### What the task asks
Write the listing out once more, identical to the original but without pictures.

::: Listed entries :::

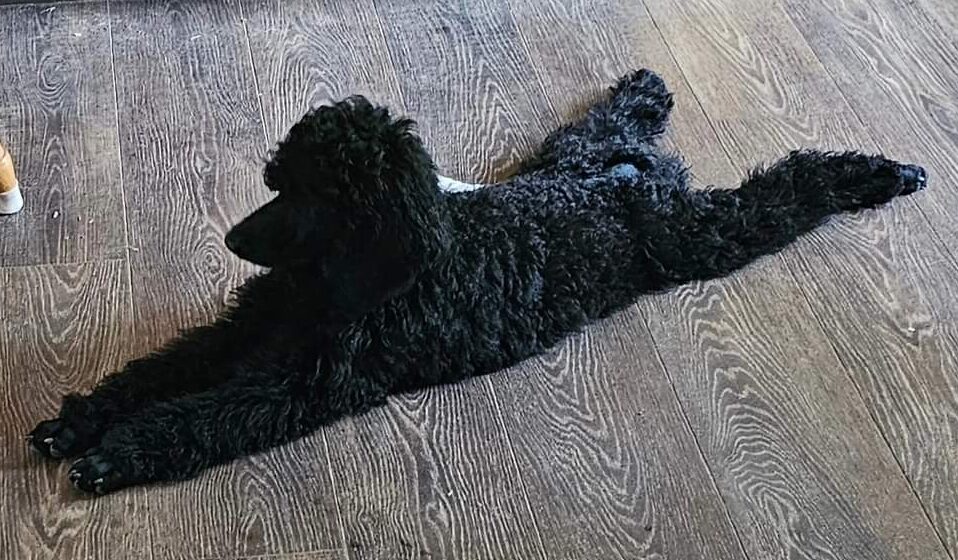 FB_IMG_1732735656891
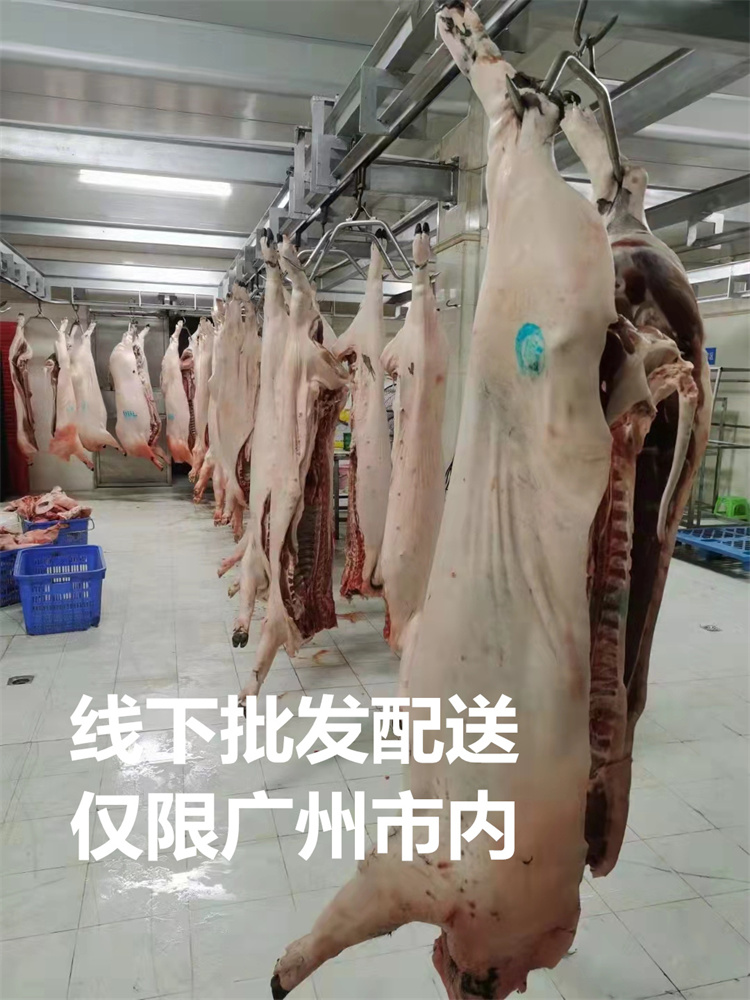 散养黑土猪新鲜现杀带皮腿肉排骨瘦肉龙骨扇子骨猪头骨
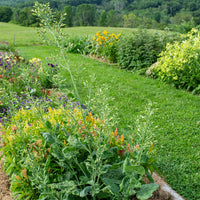 
    



Tobacco - Paniculata
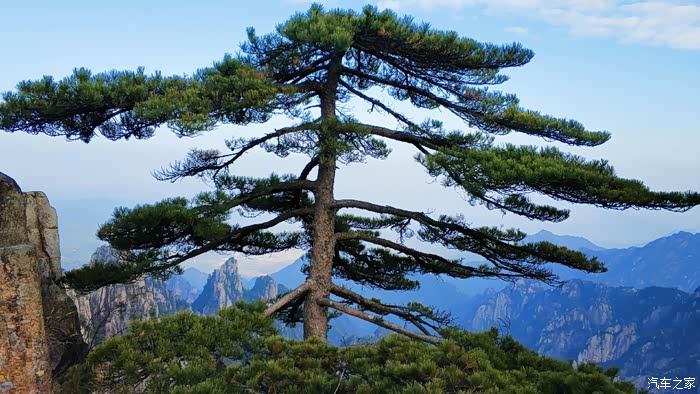 "团结松",一棵松树枝丫相拥在一起,铁根盘结,竞相生长,上面长56个树干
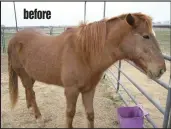  ??  ?? before RUSTY "His coat is shiny, has more energy and trotting around. My farrier is amazed at Rusty's overall appearance and his hooves."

:::

### Result for this exercise
 FB_IMG_1732735656891
 散养黑土猪新鲜现杀带皮腿肉排骨瘦肉龙骨扇子骨猪头骨
    



Tobacco - Paniculata
 "团结松",一棵松树枝丫相拥在一起,铁根盘结,竞相生长,上面长56个树干
  ??  ?? before RUSTY "His coat is shiny, has more energy and trotting around. My farrier is amazed at Rusty's overall appearance and his hooves."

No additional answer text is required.